LPI is often considered the first line treatment for patients on the angle closure spectrum, particularly those with PAC or PACG. This relatively non-invasive technique involves creating a laser opening in the peripheral iris to equalize the pressure gradient between the posterior and anterior chambers, thus relieving any pupillary block. The Zhongshan Angle Closure Prevention Trial, or ZAP Trial, looked at the benefits of LPI in preventing patients with PACS from developing elevated intraocular pressure, peripheral anterior synechiae, or acute angle closure over a 72 month period. This trial found that the overall incidence of angle-closure disease was quite low but could be further reduced by performing a prophylactic LPI. Because of the relatively low incidence of outcomes that are not immediately sight threatening, the ZAP Trial recommended observation of PACS patients rather than prophylactic LPI. However, since LPI is a relatively low risk procedure, many ophthalmologists still offer LPI to PACS patients particularly if they have a high risk of progressing to PAC or PACG due to other risk factors (e.g., use of medications that can provoke an angle closure attack).

Argon Laser Iridoplasty

If LPI fails to produce significant deepening of the anterior chamber angle, as often is the case with plateau iris, argon laser iridoplasty may be indicated. Laser iridoplasty involves using low-level laser burns in the peripheral iris to create contraction of the stroma that pulls the iris tissue away from the angle. This is a great option for patients hoping to avoid more invasive interventions.

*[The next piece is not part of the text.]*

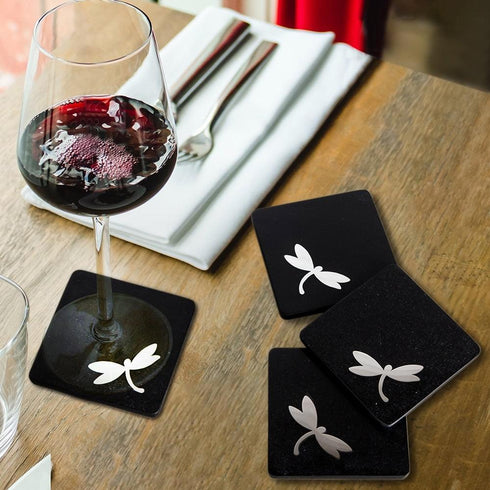 Black Marble Coaster with Stainless Steel Inlay (Set of 4)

Cataract Surgery for Angle Closure

In the Effectiveness in Angle-Closure Glaucoma of Lens Extraction (EAGLE) study, researchers looked at the efficacy, safety, and cost-effectiveness of clear lens extraction versus laser peripheral iridotomy in the first-line treatment of PAC and PACG. They found that clear lens extraction showed greater efficacy and was more cost-effective than LPI, and thus recommended lens extraction as a first-line treatment. In light of this, it may be tempting to recommend lens extraction to all PAC and PACG patients. However, lens extraction is a higher risk procedure than LPI or iridoplasty, and also puts patients immediately into absolute presbyopia.

Sometimes all of the above options may be viable for a patient. In these cases it is even more important to discuss the risks and benefits of each procedure to help our patients come to an informed decision.

References:

Azuara-Blanco, Augusto, et al. “Effectiveness of Early Lens Extraction for the Treatment of Primary Angle-Closure Glaucoma (EAGLE): a Randomised Controlled Trial.” The Lancet, vol. 388, no. 10052, 2016, pp. 1389–1397., doi:10.1016/s0140-6736(16)30956-4.

He, Mingguang, et al. “Laser Peripheral Iridotomy for the Prevention of Angle Closure: a Single-Centre, Randomised Controlled Trial.” The Lancet, vol. 393, no. 10181, Mar. 2019, pp. 1609–1618., doi:10.1016/s0140-6736(18)32607-2.

Prum, Bruce E., et al. “Primary Angle Closure Preferred Practice Pattern® Guidelines.” Ophthalmology, vol. 123, no. 1, 2016, doi:10.1016/j.ophtha.2015.10.049.

Varma, Devesh K., et al. “Undetected Angle Closure in Patients with a Diagnosis of Open-Angle Glaucoma.” Canadian Journal of Ophthalmology, vol. 52, no. 4, 2017, pp. 373–378., doi:10.1016/j.jcjo.2016.12.010.


Author: Emily R. Freeman, OD, MS, FAAO

Specialties: Medical Eye Care 

Mount Vernon & Bellingham Clinics

I was inspired to write about this topic after managing an unfortunate case of a young man that became legally blind due to untreated angle closure glaucoma. I feel incredibly lucky to work alongside such talented staff and doctors at Northwest Eye Surgeons and within the local optometric community. Along with our great team, I enjoy working with all types of glaucoma and cataract patients in an effort to maximize their visual potential and improve their quality of life.